The whole listing below should be retyped exactly, without any images.

Dataset section Block Start

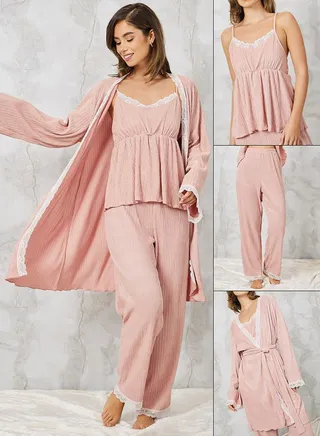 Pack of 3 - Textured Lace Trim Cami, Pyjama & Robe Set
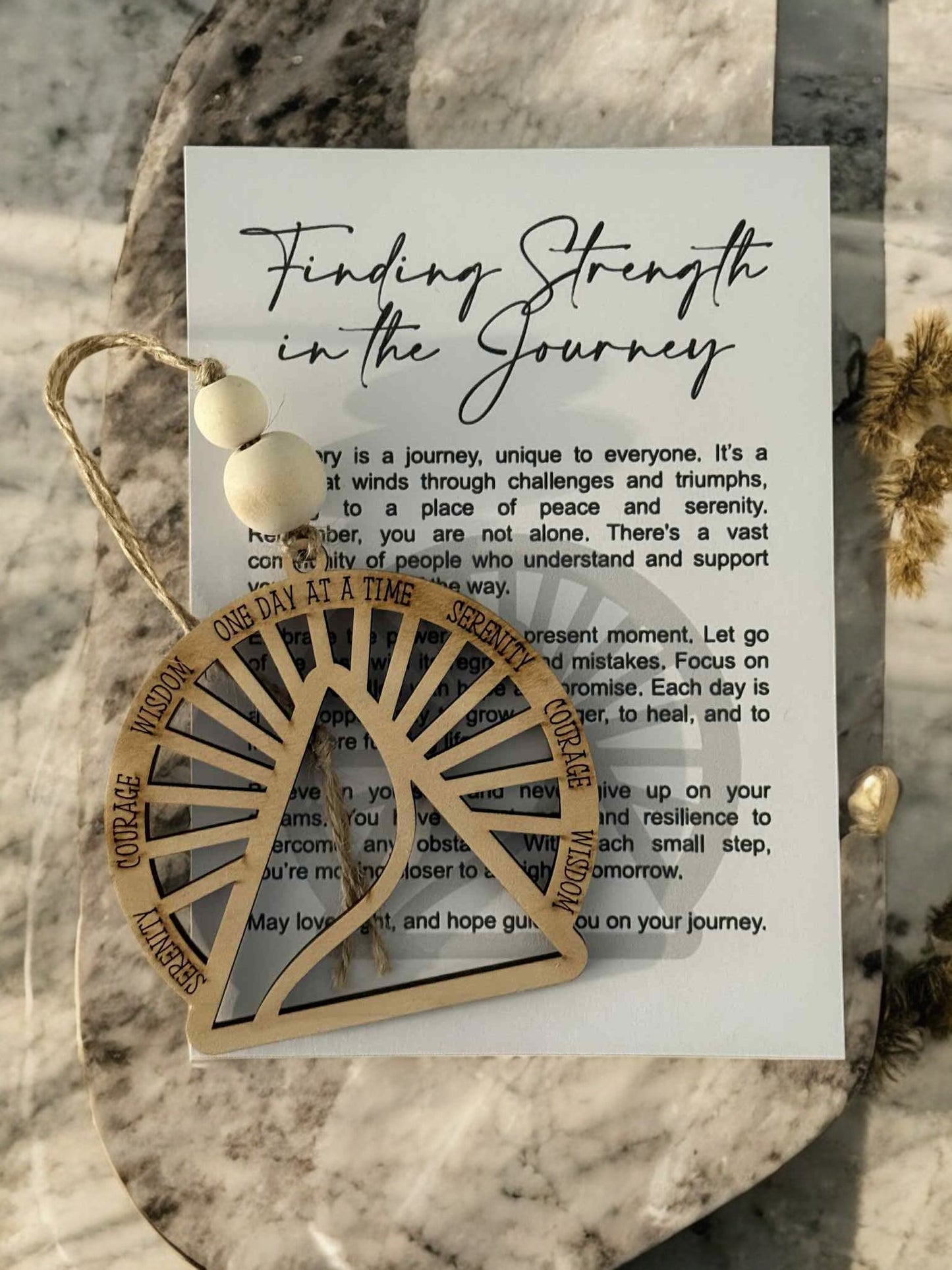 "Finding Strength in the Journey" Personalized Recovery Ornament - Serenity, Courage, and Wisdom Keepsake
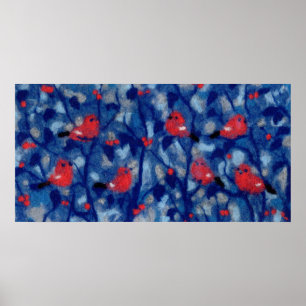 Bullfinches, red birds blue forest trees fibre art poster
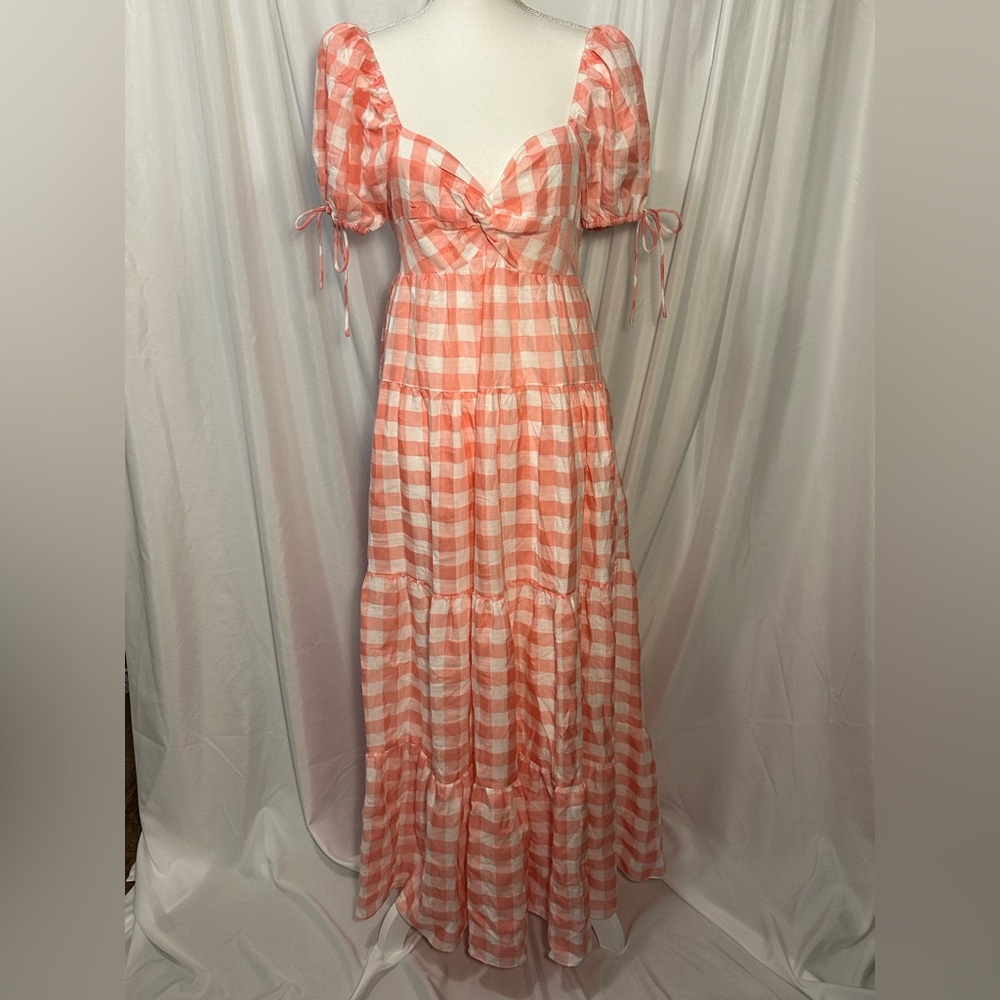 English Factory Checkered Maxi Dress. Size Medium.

Dataset section Block End

## Result for this task:
 Pack of 3 - Textured Lace Trim Cami, Pyjama & Robe Set
 "Finding Strength in the Journey" Personalized Recovery Ornament - Serenity, Courage, and Wisdom Keepsake
 Bullfinches, red birds blue forest trees fibre art poster
 English Factory Checkered Maxi Dress. Size Medium.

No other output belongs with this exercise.